◆ Task directions
Locate the word "Edition" in the material, then show every line that holds it.

◆ Listed records
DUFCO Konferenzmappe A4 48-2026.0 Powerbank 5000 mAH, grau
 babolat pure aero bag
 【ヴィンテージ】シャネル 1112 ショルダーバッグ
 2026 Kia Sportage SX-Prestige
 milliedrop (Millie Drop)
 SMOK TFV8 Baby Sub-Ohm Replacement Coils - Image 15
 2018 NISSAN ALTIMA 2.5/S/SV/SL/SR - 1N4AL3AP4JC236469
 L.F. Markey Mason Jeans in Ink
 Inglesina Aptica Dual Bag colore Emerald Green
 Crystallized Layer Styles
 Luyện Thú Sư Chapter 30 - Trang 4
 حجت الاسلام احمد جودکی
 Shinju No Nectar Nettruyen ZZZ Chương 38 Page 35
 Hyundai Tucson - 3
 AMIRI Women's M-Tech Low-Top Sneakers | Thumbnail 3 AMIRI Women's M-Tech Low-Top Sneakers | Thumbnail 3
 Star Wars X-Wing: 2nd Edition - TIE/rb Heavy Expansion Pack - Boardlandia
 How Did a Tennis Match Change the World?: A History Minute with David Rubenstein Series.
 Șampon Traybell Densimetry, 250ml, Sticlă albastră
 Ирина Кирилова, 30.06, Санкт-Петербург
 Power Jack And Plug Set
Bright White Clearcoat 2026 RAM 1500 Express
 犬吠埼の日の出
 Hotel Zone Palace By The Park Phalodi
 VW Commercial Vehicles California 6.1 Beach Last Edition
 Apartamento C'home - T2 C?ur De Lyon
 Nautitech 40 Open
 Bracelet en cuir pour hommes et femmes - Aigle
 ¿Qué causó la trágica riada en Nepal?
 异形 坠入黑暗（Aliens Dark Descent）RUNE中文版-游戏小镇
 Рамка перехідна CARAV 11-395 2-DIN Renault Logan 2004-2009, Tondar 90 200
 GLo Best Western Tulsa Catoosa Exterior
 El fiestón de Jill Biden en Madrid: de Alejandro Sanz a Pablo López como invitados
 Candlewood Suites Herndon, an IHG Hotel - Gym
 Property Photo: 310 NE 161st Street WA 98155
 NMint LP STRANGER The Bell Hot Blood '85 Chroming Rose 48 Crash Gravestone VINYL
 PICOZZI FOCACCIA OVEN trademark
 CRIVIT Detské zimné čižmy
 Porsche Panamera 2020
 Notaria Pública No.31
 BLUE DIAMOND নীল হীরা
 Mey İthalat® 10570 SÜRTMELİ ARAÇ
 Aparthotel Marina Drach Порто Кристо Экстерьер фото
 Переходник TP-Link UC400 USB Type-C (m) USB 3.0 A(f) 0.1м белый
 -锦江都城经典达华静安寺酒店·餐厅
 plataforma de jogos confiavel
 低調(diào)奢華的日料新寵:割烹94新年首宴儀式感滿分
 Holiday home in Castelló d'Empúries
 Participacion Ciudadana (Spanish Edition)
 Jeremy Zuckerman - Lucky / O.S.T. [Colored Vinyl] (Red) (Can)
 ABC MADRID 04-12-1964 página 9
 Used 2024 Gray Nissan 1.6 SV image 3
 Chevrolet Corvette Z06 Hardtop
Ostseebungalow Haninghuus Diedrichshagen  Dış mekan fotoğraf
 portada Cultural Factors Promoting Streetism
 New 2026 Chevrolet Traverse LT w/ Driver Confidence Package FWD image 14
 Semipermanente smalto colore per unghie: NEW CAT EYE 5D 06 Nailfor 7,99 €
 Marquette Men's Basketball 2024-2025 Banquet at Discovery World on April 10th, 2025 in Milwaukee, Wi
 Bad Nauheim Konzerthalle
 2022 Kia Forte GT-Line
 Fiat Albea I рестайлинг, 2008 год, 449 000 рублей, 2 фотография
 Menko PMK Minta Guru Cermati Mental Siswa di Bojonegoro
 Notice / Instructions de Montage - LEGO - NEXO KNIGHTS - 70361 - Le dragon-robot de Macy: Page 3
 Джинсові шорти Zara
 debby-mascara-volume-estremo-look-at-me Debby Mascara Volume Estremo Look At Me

◆ Answer box
 Star Wars X-Wing: 2nd Edition - TIE/rb Heavy Expansion Pack - Boardlandia
 VW Commercial Vehicles California 6.1 Beach Last Edition
 Participacion Ciudadana (Spanish Edition)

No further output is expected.